(Records for the exercise)

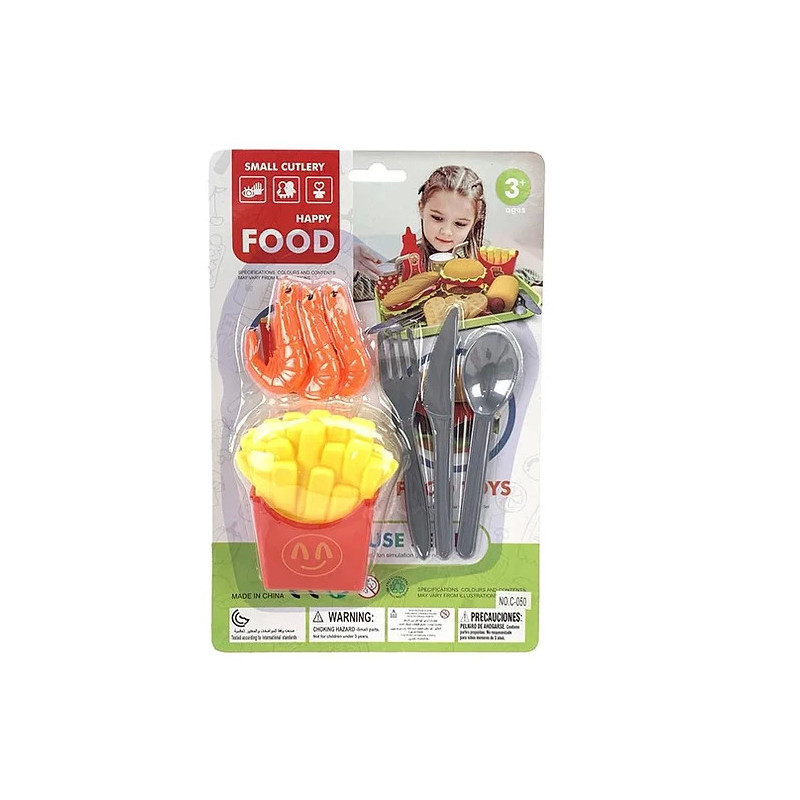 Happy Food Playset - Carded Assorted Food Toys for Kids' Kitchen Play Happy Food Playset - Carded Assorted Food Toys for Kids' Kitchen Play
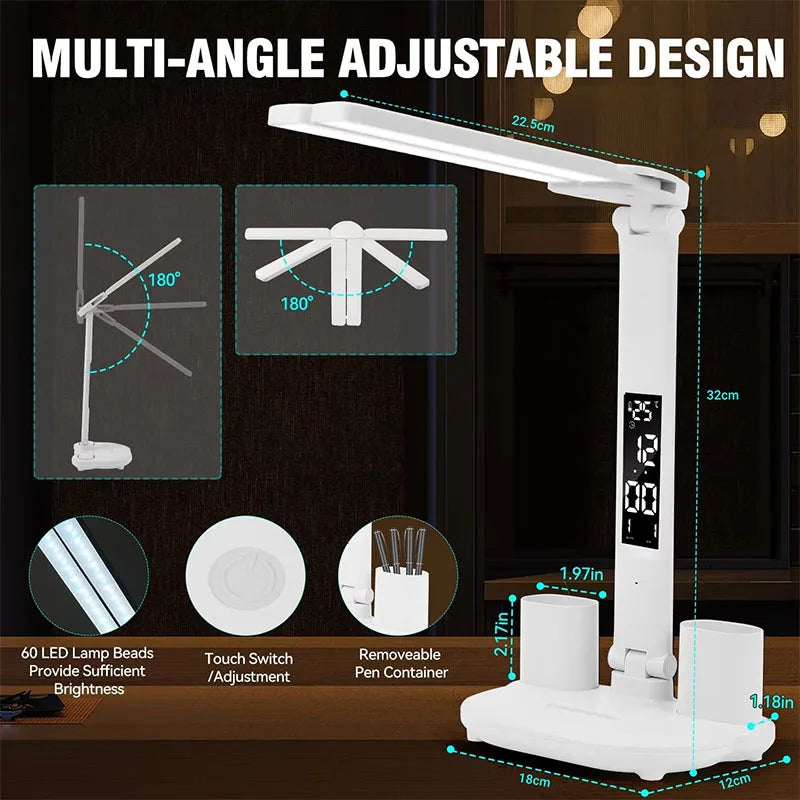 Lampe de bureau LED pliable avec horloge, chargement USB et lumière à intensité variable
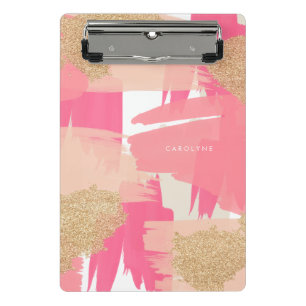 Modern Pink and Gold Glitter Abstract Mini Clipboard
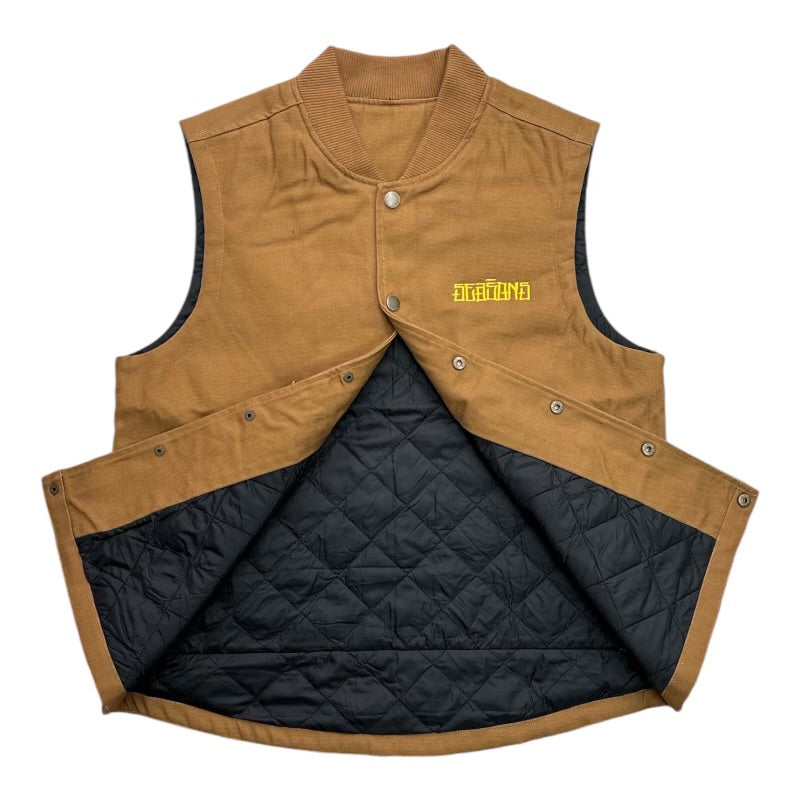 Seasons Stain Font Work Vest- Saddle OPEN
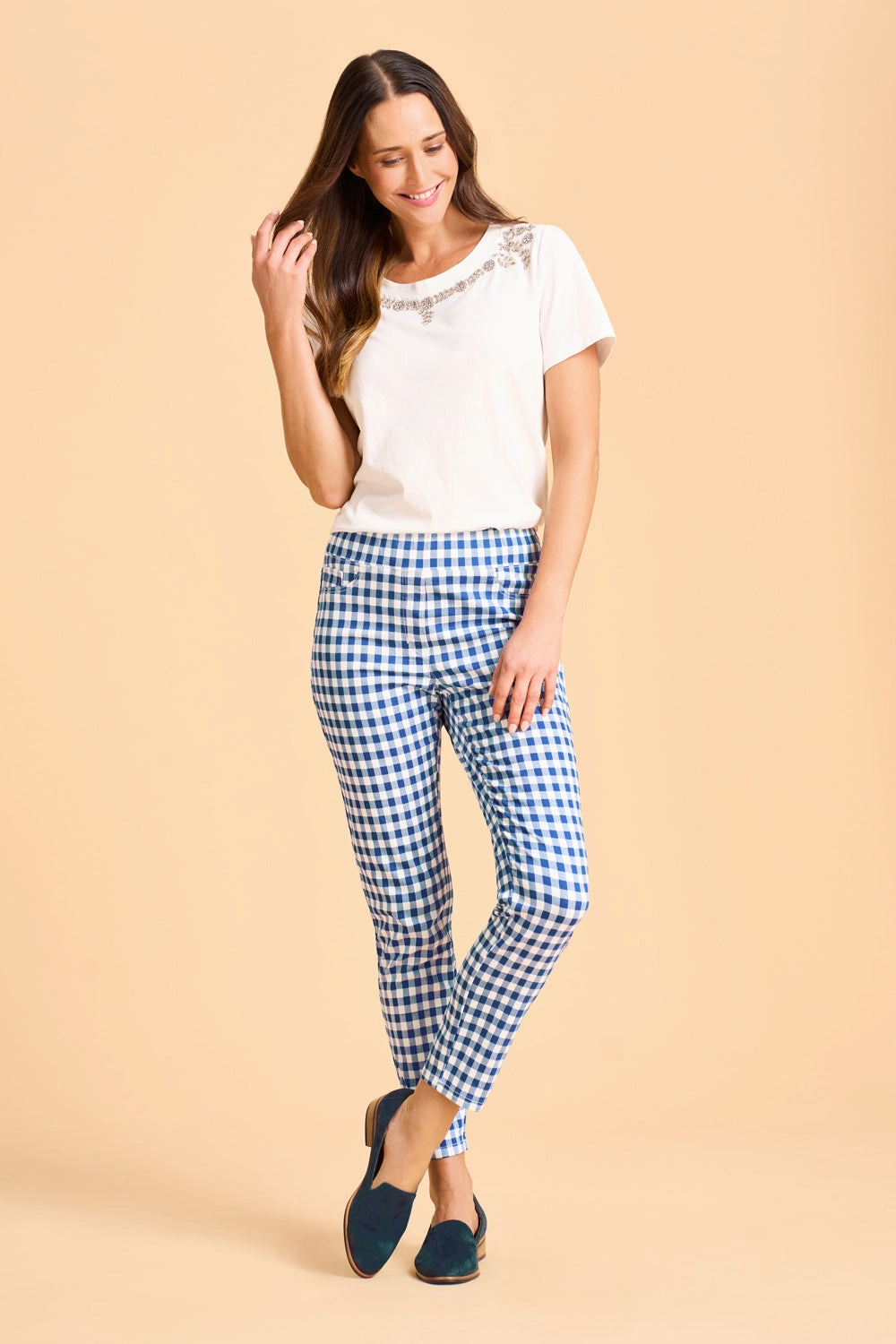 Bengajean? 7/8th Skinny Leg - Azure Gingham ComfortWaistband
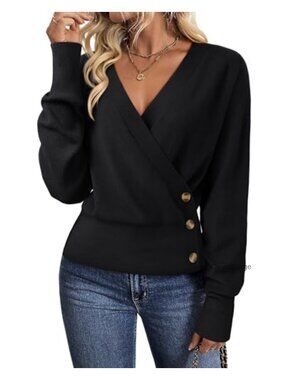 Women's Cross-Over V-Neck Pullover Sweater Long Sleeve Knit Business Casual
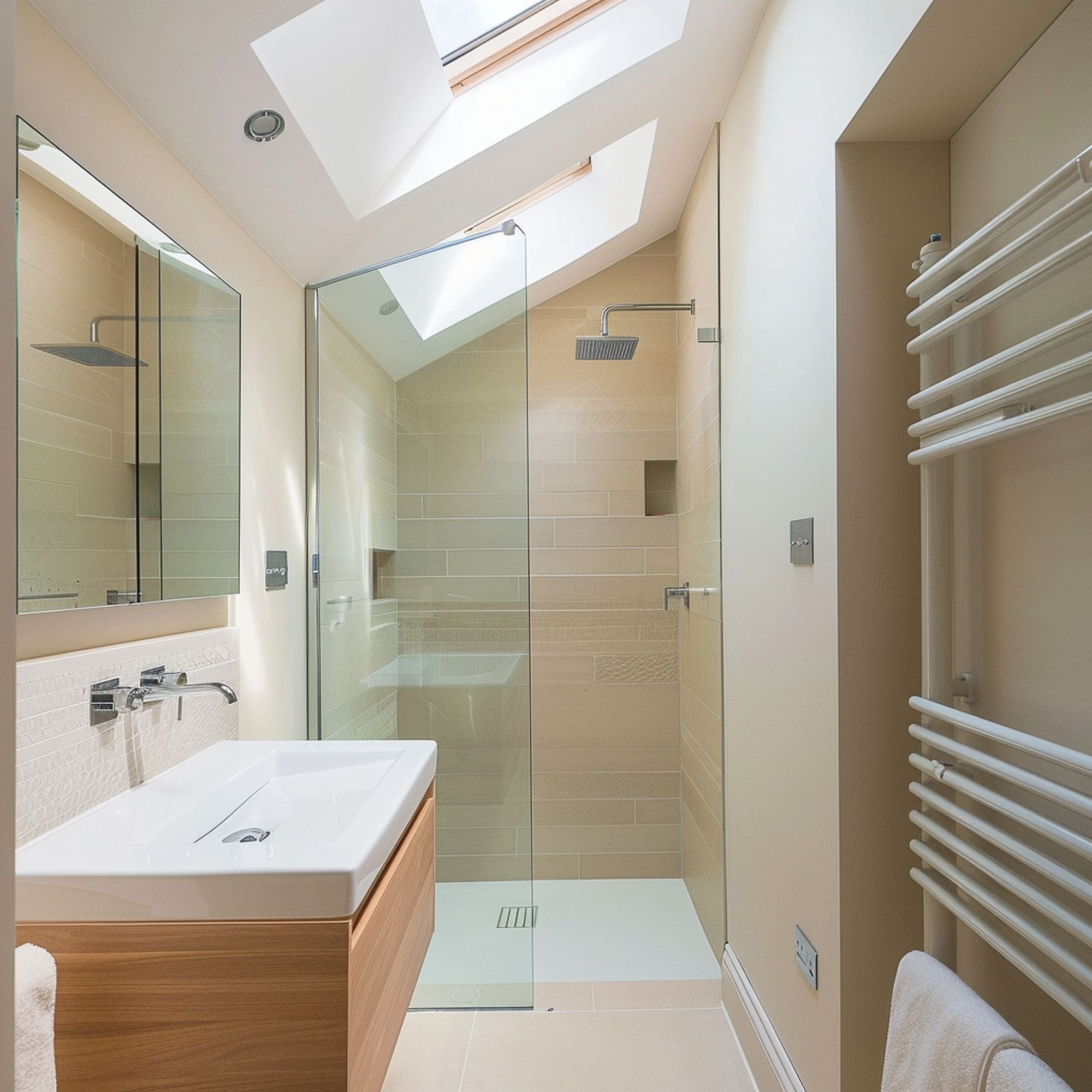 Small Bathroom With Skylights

(End Records for the exercise)

● **What is expected**: Copy exactly the lines from the line that has "Bengajean? 7/8th Skinny" through the last line of the entries above, inclusive, and no others. Pictures do not go in the copy.

● **Written answer**:
 Bengajean? 7/8th Skinny Leg - Azure Gingham ComfortWaistband
 Women's Cross-Over V-Neck Pullover Sweater Long Sleeve Knit Business Casual
 Small Bathroom With Skylights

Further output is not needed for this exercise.